Posso passar horas citando episódios de meus pressentimentos. Vou contar sobre o do engarrafamento. Para alguns isso é absolutamente comum. Até integra a rotina de muitos nas grandes cidades. Porém, não foi como o congestionamento em que senti minha morte. Foi um dos dias que mais fiquei aflito e não sabia o porquê. O fato ocorreu na entrada de Porto Alegre, na avenida Castelo Branco. Estava no carro meus pais, eu e meu segundo irmão mais velho. Naquele dia eu sentava no banco traseiro, atrás do motorista (meu pai), mas eu sempre sento atrás do banco do caroneiro (minha mãe). Gosto de ter a visão do velocímetro e dos atos do meu pai na direção. Não que eu o monitore, é mais para aprender, meu pai tem 35 anos de habilitação. Contudo, naquele dia, no momento do engarrafamento eu estava atrás do meu pai e com o coração saindo pela boca. Uma aflição tomava conta de todo o meu corpo na medida em que os minutos passavam. O congestionamento durou mais de uma hora, isso foi uma verdadeira tortura.
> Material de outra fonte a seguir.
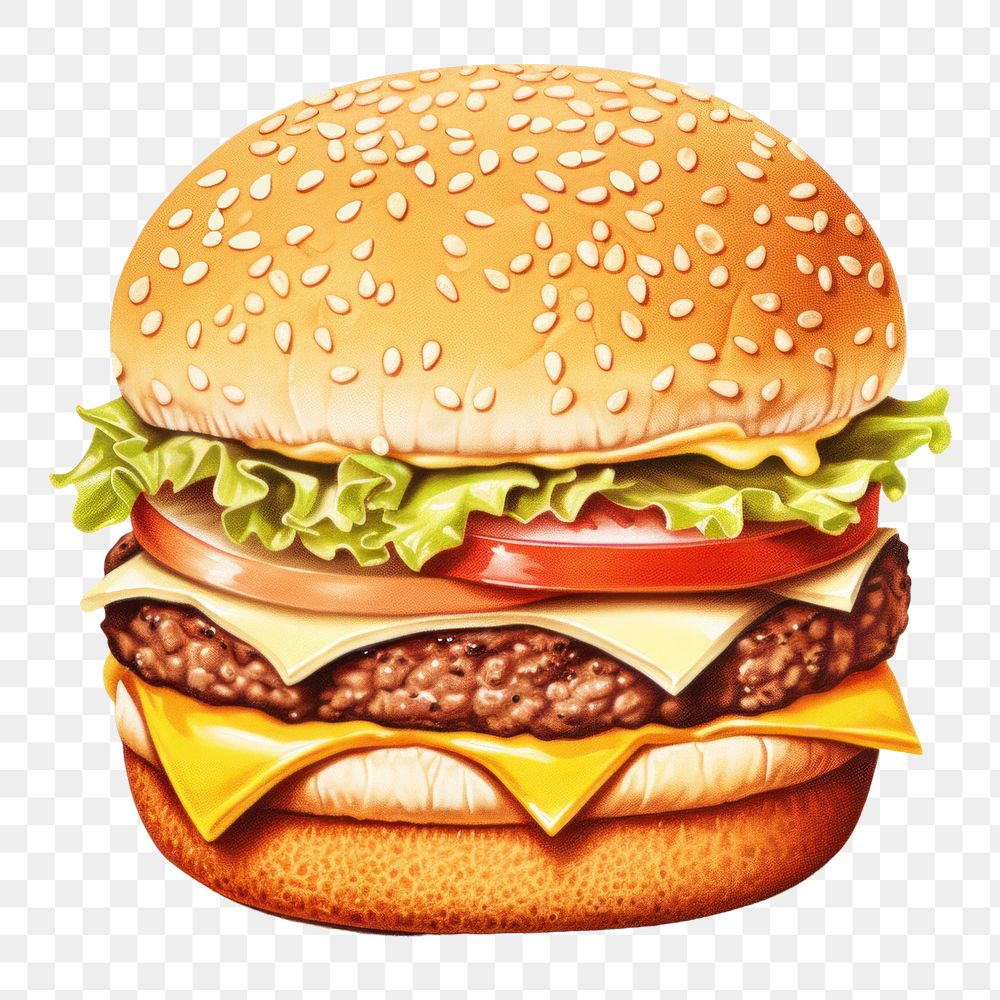 PNG Hamburger food white background vegetable.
Passamos por uns oito automóveis batidos, fora um engavetamento. Horas depois eu assisti no noticiário local que todos os veículos acidentados naquele congestionamento eram movidos a gás (GNV). Uma pequena explosão em qualquer um daqueles automóveis provocaria uma tragédia sem tamanho. Seria um aglomerado de fogo, por quilômetros.

Também possuo outros dons, consigo descrever personalidades de pessoas que pouco convivo. Já fiz isso com uma colega e ela se surpreendeu. Vivo descobrindo o lado comportamental de colegas e amigos, para muitos não conto. Isso me faz mal. Sentir como o outro é gera uma angústia. Entretanto, não posso controlar, eu vejo e sinto.

Ontem, por exemplo, senti que estava sendo julgado indevidamente. Só porque tenho atitudes momentâneas. Só porque não apresento resultados esperados. Isso é motivo para descrença? Tenho que lembra-los que nasci ser humano. Esse julgamento alheio me chateia profundamente. O pior de tudo é que os incomodados não falam diretamente comigo. Gosto de conversa cara-a-cara, olho-a-olho. Diálogos francos.

Ontem, ao entrar na van que me transporta até em casa, tornei-me pensativo. O que será que eu fiz? Devo mudar meu jeito de ser para agradar terceiros? Lamento, minha essência não permite. Queria provar meus princípios. Se metade das pessoas que me julgam me conhecessem realmente, voltariam atrás. Não falo por mim. Pergunte a quem me conhece de verdade, pergunte a quem convive comigo ou a quem tem minha companhia há décadas. Nunca derrubei ninguém para conquistar meus objetivos; pelo contrário, sempre fiz questão de “promoções coletivas”. Em hipótese alguma prejudicaria qualquer ser por intenção. Sinto uma angustia por pressentir isso. Talvez o tempo revele qual o verdadeiro caráter de um indivíduo. Entretanto, no atual presente, o tempo me coloca como um mero plebeu. É justo, ao passo que arbitrário.